Another group of formal studies investigates sequential circuit robustness symbolically [9, 28] or by interpolation [18]. Since robustness is introduced probabilistically these work combine both

formal and probabilistic worlds.

While the aforementioned formal studies do not address voter minimization, their approaches to fault-tolerance and robustness are related to our work.

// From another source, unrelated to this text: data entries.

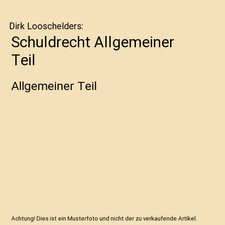 Schuldrecht allgemeiner teil - allgemeiner,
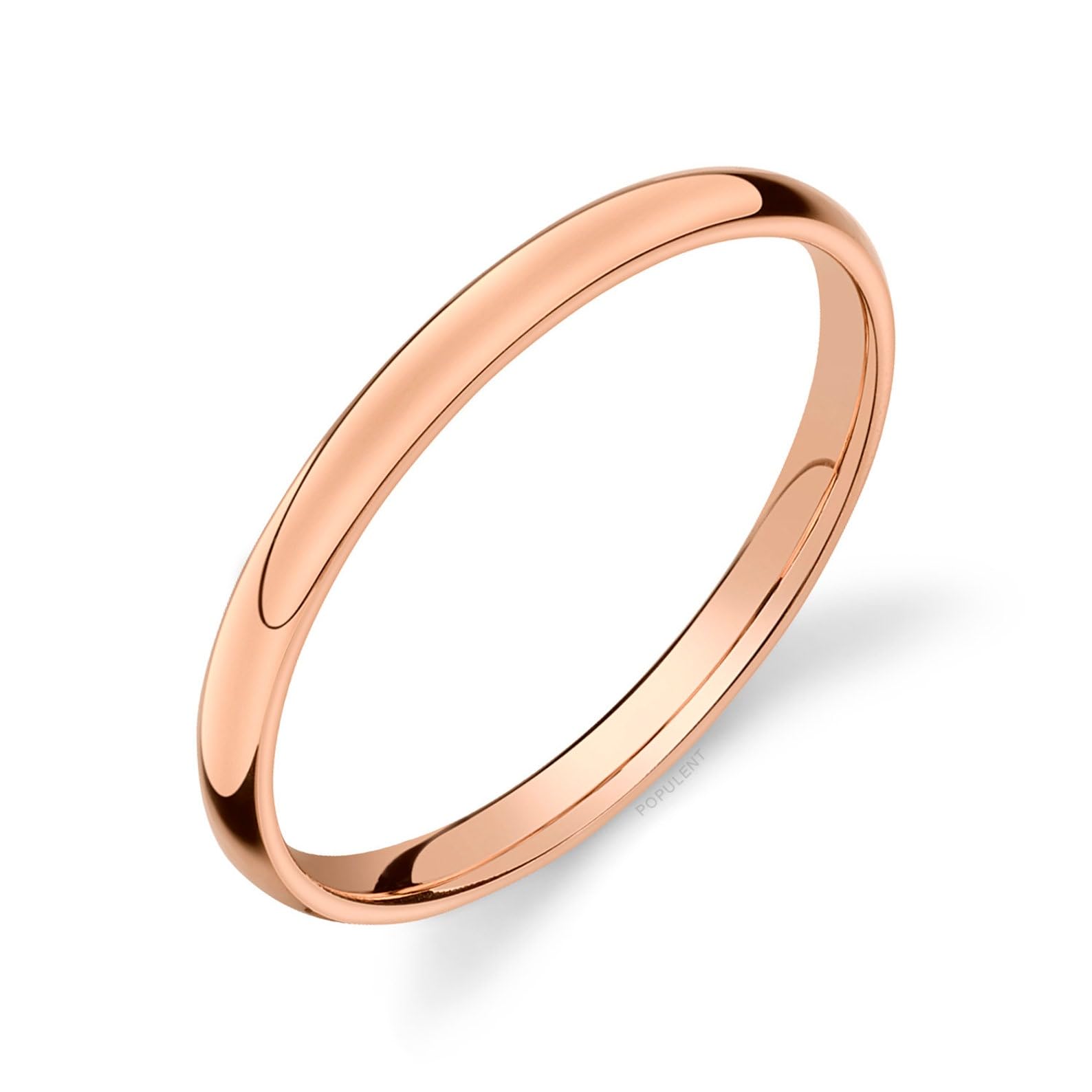 MARS CREATIONS 925 Sterling Silver Plain 2 MM Wedding Band For Women Girls Men Boys High Polish Simple Silver Ring (Rose Gold, 22) (B0CTQ7X7SL) Amazon Price History, Amazon Price Tracker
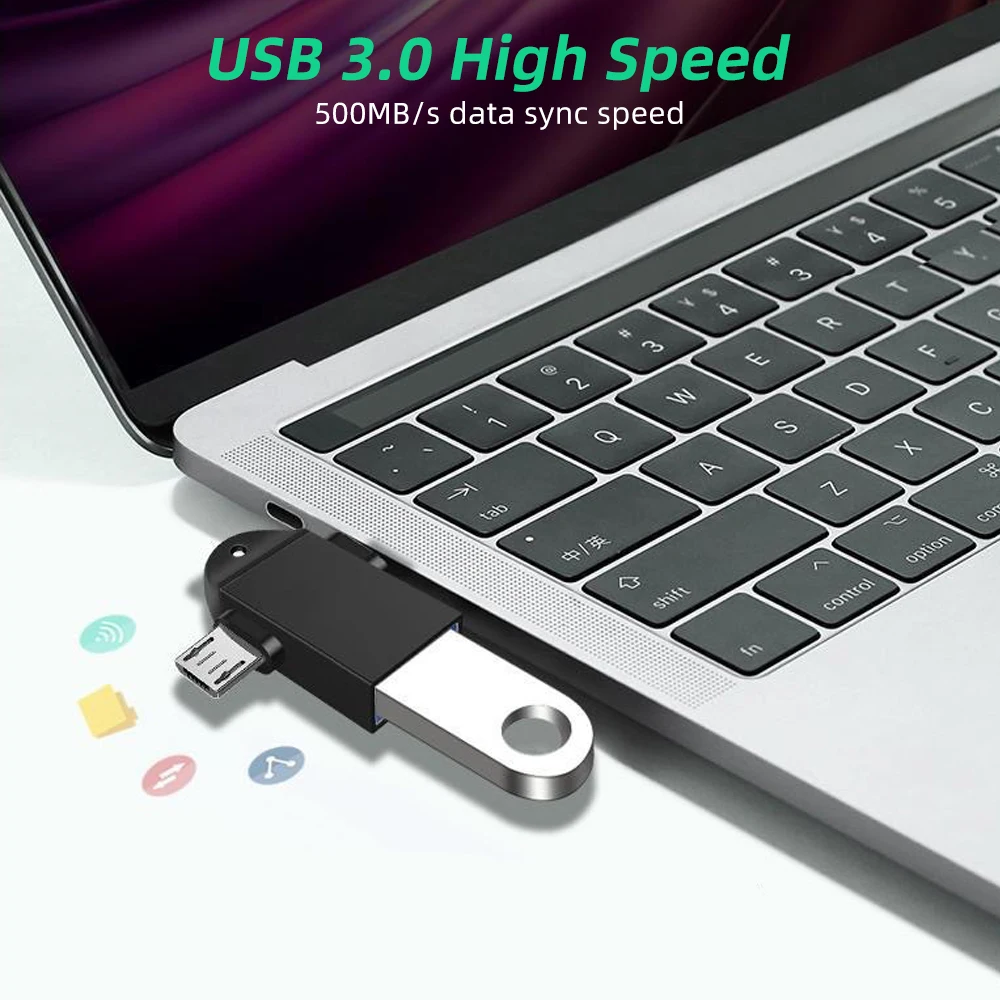 OTG Тип C и микро адаптер 2 в 1 Otg Usb конвертер 3 0 флэш диск мышь разъем для смартфона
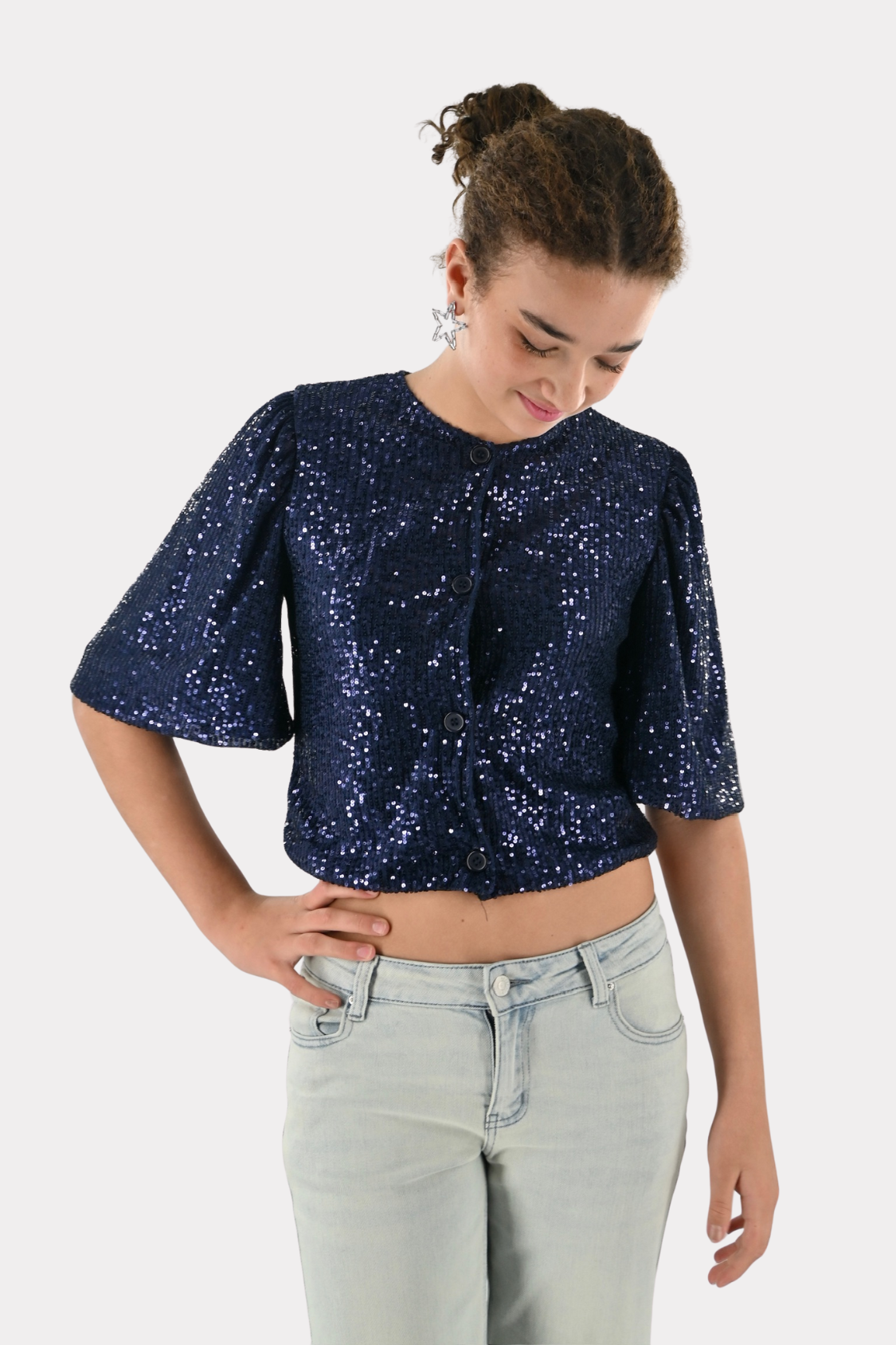 Emmie-blazer-paillet-navy-fashiontiger-1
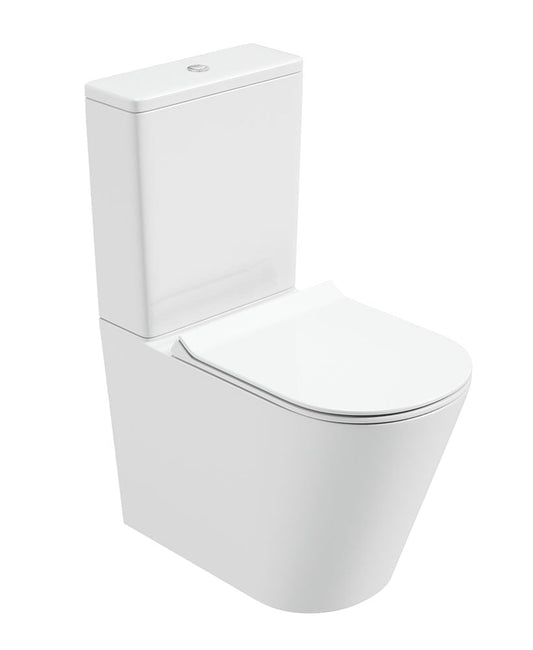 REFLECTIONS Rimless Fully Shrouded Close Coupled WC & Delta Slim Soft Close Seat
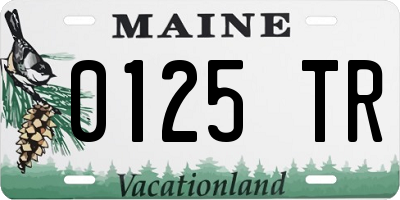ME license plate 0125TR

It is worth to notice that the introduced reachability analysis with multi-value encoding can be also interpreted within the well-known tainting dataflow-based analysis [24] and path sensitisation theories [19]. The former assigns a security-related mark to each information bit and tracks its propagation, just like we tag some bits as erroneous. The later approaches check if there is a path so that a signal change along that path alters the output. In our case, the signal change corresponds to an error injection, *e.g.*, a bit-flip, and we check whether this change can propagate to corrupt the output.

### 10 Conclusion

We proposed a logic-level verification-guided approach to minimize the number of voters in TMR circuits that guarantees a user-defined fault-model to be masked. Our approach is based on reachable state set computations and input/output interface specifications. In order to avoid analyzing the triplicated circuit, we introduced three logic domains, which allowed us to perform the analysis on a single copy of the circuit. Our analysis shows that some voters are useless and can be safely removed from the TMR application. We have used as case studies several arithmetic circuits as well as the benchmark suite ITC'99. They show that our technique allows not only a significant reduction in the amount of hardware resources (up to 35% for data flow intensive circuits and up to 55% for control flow intensive ones), but also a significant increase in the clock rate, compared to the full TMR method that inserts a voter after each memory cell.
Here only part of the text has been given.